■ **Stored records**
___
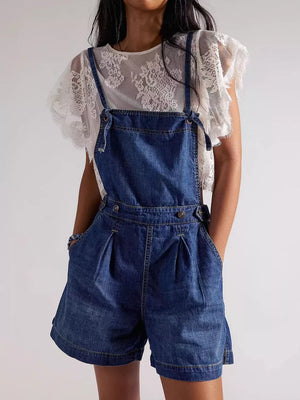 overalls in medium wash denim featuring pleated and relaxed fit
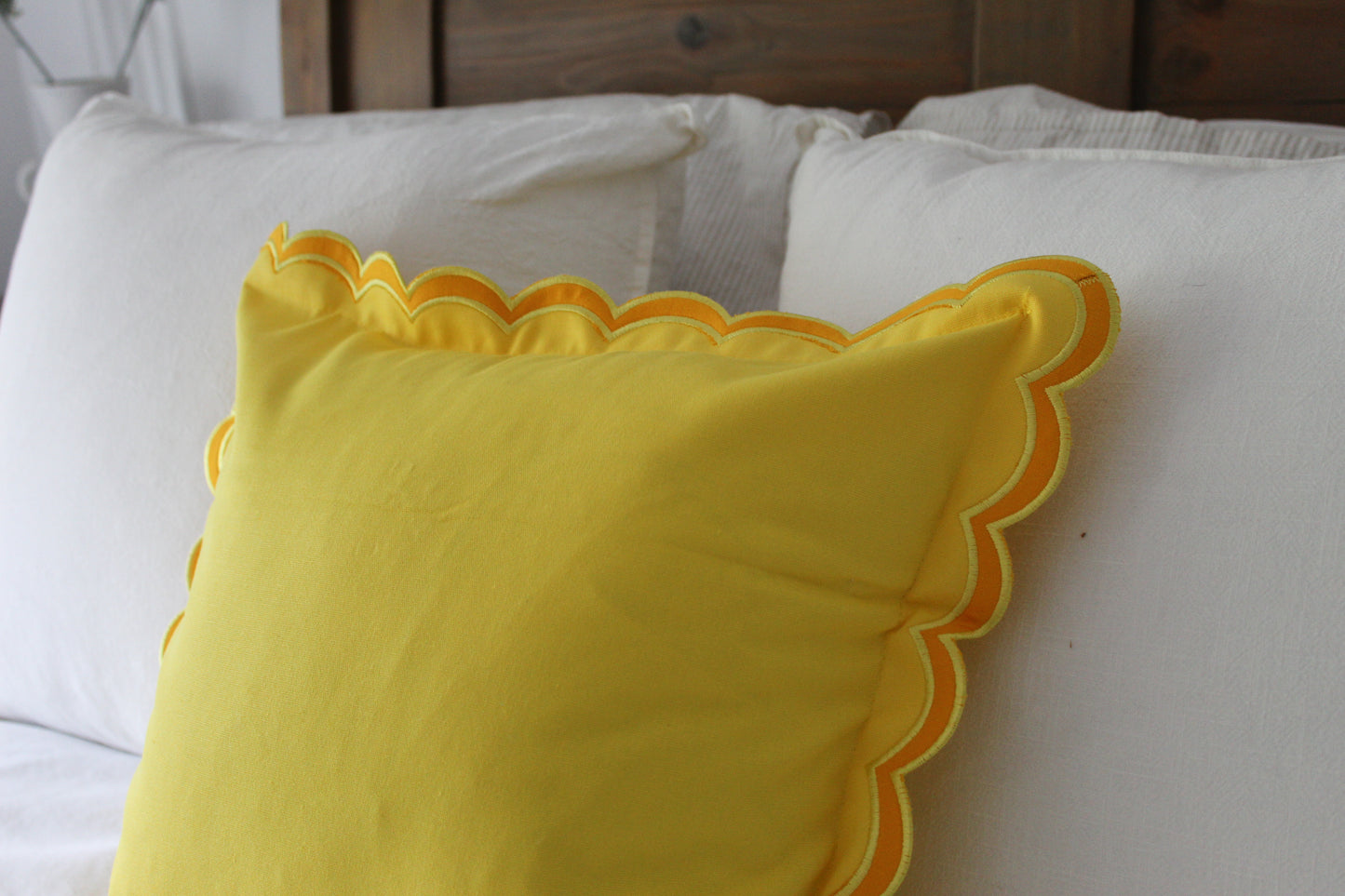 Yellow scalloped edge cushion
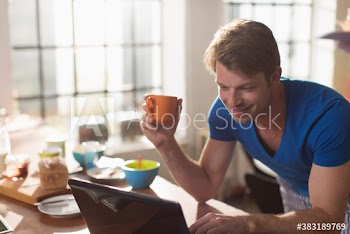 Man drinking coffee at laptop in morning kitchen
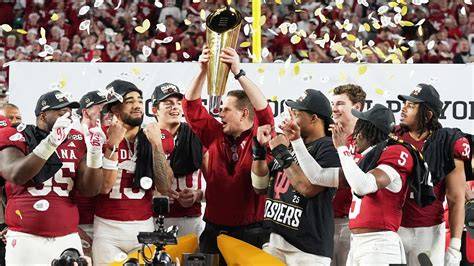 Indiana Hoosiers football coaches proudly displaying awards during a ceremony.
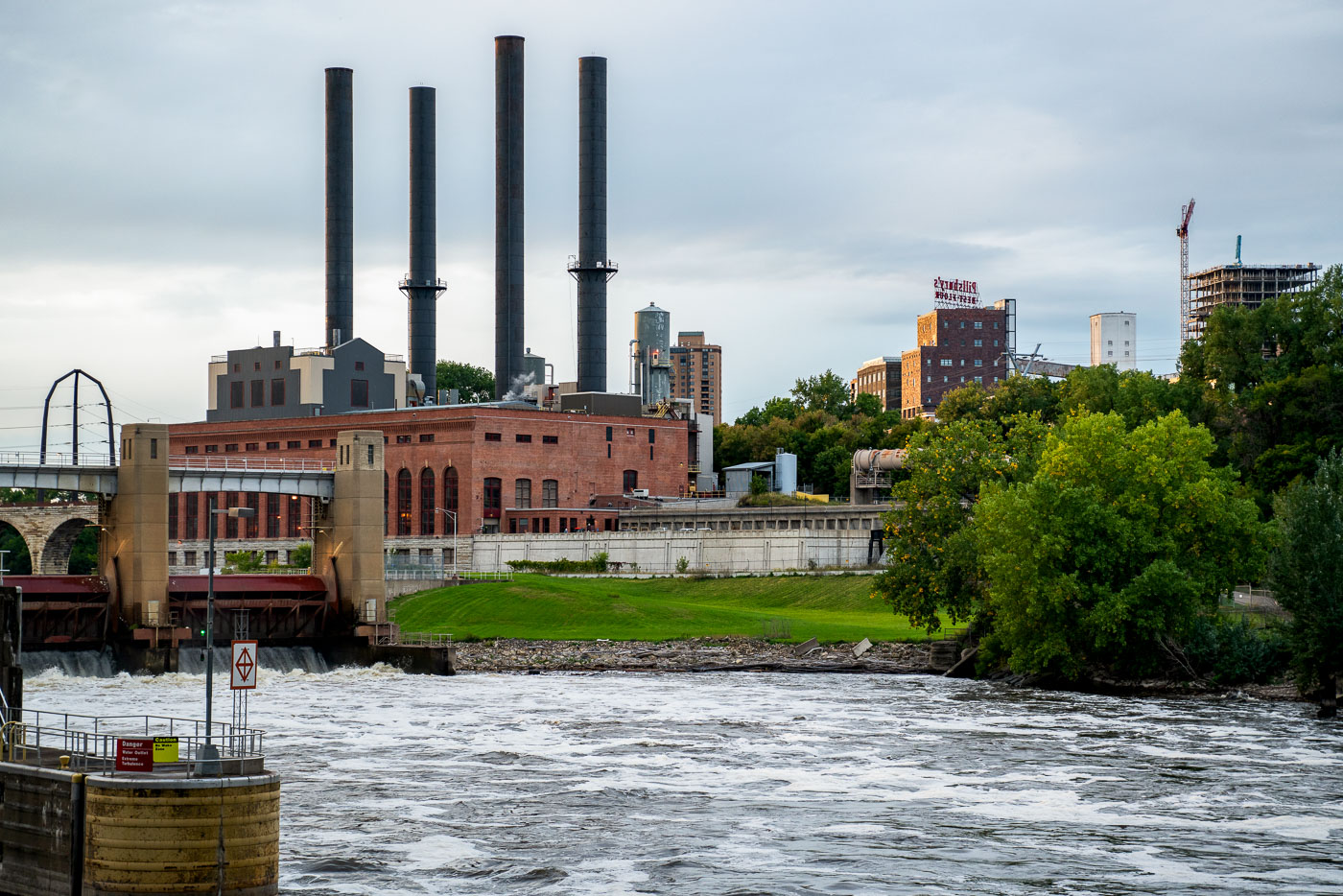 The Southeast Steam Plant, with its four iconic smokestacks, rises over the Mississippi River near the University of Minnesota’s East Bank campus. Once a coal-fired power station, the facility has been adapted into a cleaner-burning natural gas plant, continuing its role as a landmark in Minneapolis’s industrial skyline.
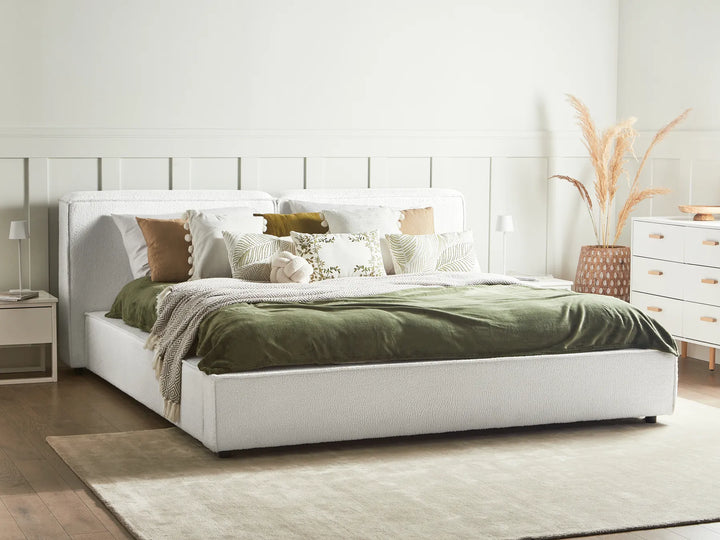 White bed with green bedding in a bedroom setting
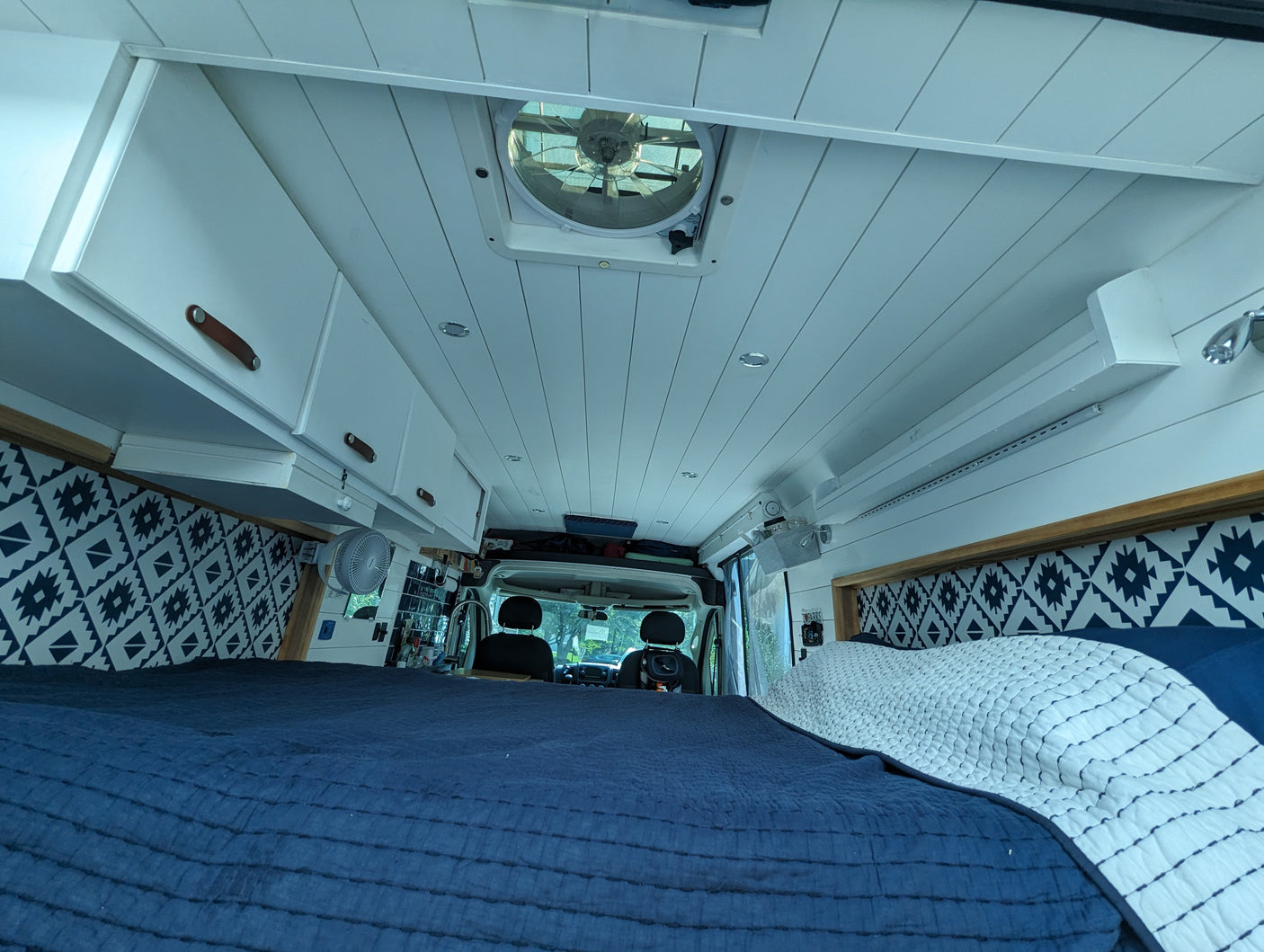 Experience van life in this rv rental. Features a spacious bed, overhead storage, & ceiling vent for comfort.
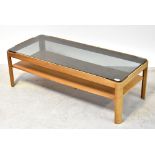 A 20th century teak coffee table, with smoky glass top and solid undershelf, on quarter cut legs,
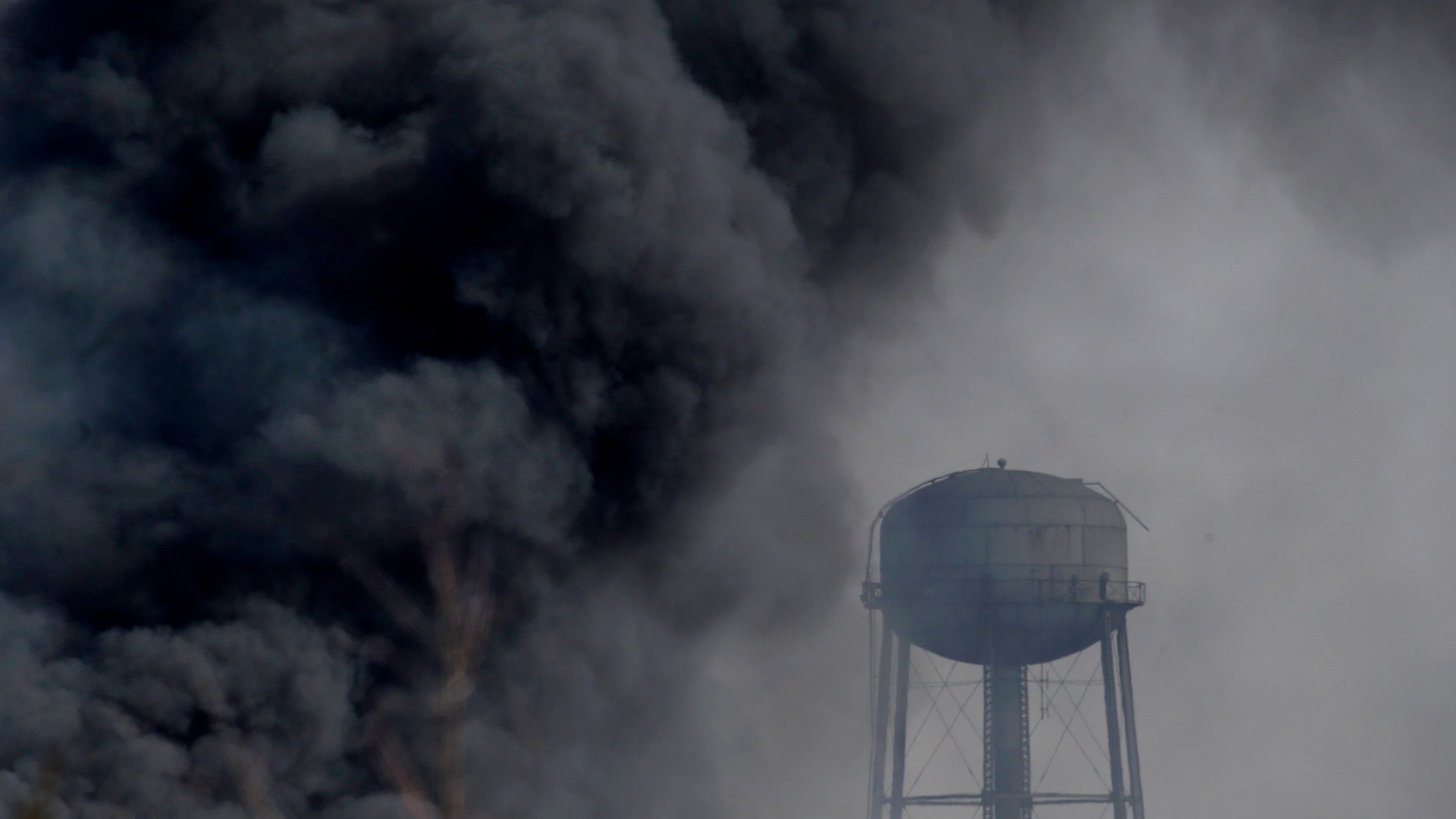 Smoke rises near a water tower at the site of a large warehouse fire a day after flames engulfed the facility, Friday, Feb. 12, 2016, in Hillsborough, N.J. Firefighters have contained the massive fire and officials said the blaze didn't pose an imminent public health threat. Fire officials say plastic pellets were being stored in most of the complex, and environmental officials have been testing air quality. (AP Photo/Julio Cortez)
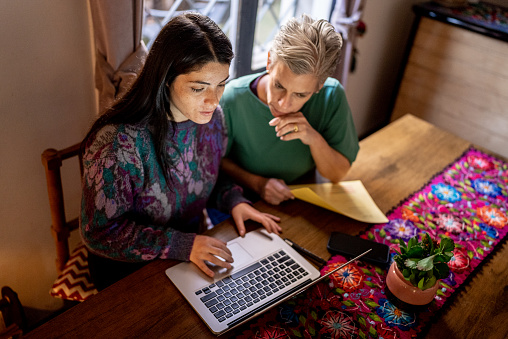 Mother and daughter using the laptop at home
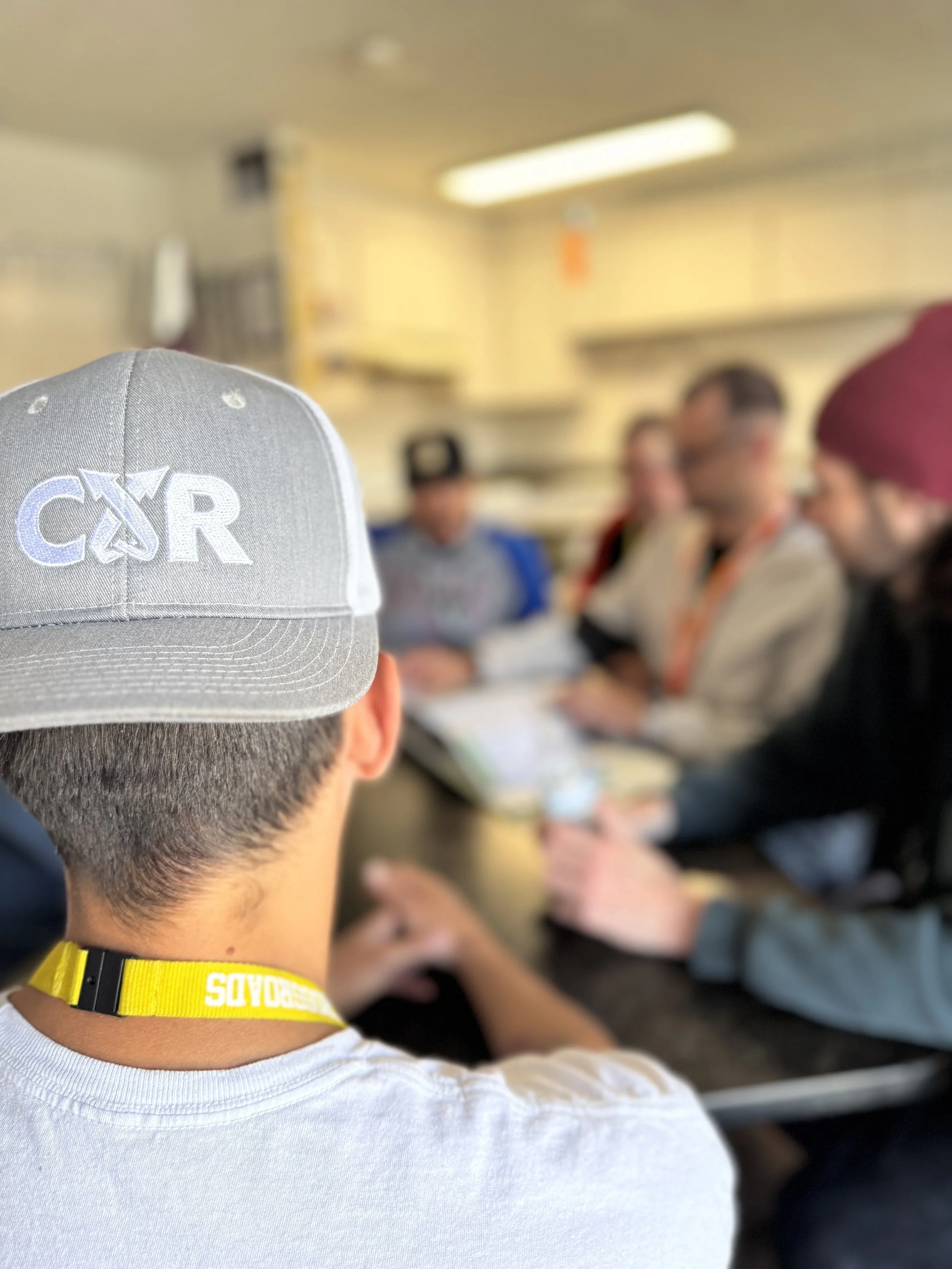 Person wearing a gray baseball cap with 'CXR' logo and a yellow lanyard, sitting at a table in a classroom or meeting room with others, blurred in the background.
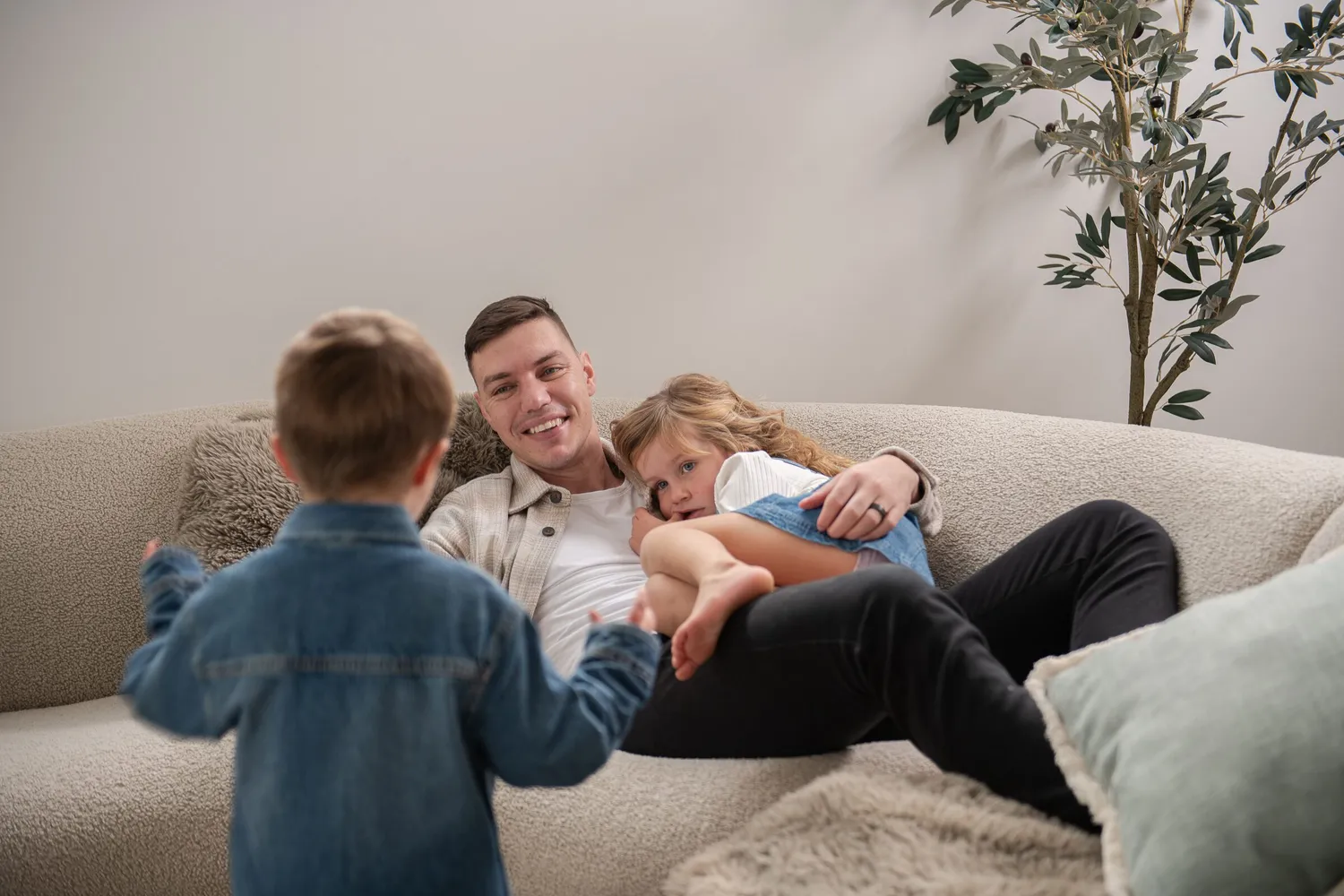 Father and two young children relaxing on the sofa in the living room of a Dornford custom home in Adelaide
___
■ **Problem description**
Only the lines from the one containing "Yellow scalloped edge cushion" through the last line of the entries above should be copied, exactly as they are and without the pictures.

■ **Exercise output**
 Yellow scalloped edge cushion
 Man drinking coffee at laptop in morning kitchen
 Indiana Hoosiers football coaches proudly displaying awards during a ceremony.
 The Southeast Steam Plant, with its four iconic smokestacks, rises over the Mississippi River near the University of Minnesota’s East Bank campus. Once a coal-fired power station, the facility has been adapted into a cleaner-burning natural gas plant, continuing its role as a landmark in Minneapolis’s industrial skyline.
 White bed with green bedding in a bedroom setting
 Experience van life in this rv rental. Features a spacious bed, overhead storage, & ceiling vent for comfort.
 A 20th century teak coffee table, with smoky glass top and solid undershelf, on quarter cut legs,
 Smoke rises near a water tower at the site of a large warehouse fire a day after flames engulfed the facility, Friday, Feb. 12, 2016, in Hillsborough, N.J. Firefighters have contained the massive fire and officials said the blaze didn't pose an imminent public health threat. Fire officials say plastic pellets were being stored in most of the complex, and environmental officials have been testing air quality. (AP Photo/Julio Cortez)
 Mother and daughter using the laptop at home
 Person wearing a gray baseball cap with 'CXR' logo and a yellow lanyard, sitting at a table in a classroom or meeting room with others, blurred in the background.
 Father and two young children relaxing on the sofa in the living room of a Dornford custom home in Adelaide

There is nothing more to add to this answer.